WpProj hits CRAN!

This package was quite a mess. It was the first one I’d ever decided to do and filled with na”ivet’e and hubris, I thought it would be a good idea to make a package to load all my functions. It definitely took a long time—especially because a lot of the code was adapting someone else’s C++ code to run for my purpose!—but I think it’s not too bad. There are some places I see that would be obvious places to improve the models but required more work than I currently have time to put in, unfortunately.

What does the package do?

Basically, this package was my round about way of re-inventing \(L_p\) regression. Only slightly kidding. The basic idea is as follows.
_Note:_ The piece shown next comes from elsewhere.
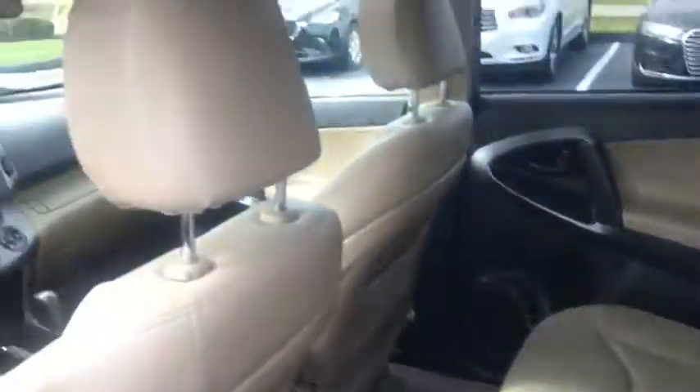Front reading lamps. This isn't just a vehicle, it's an experience, so stop in for a test drive today.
Say you have some arbitrarily complex model, \(f\), that takes covariates \(x\), and generates a set of predictions, call them \(\hat{y}\in \mathcal{Y}\), that follow a distribution \(\mu\), with an empirical counterpart \(\hat{\mu}\). Now say this model is really hard to interpret how the \(x\)’s affect the predictions. Let’s say we have another class of models, \(g\), that are easy to interpret. Say these are linear models that typically have the form \(x\beta\). We will denote predictions from this model as \(\hat{\eta}\) and let them have some unspecified distribution \(\nu\) and empirical counterpart \(\hat{\nu}\). (Note that since the \(x\)’s are considered fixed, the distribution is actually coming from the \(\beta\)’s, i.e. \(x\beta \sim \nu\))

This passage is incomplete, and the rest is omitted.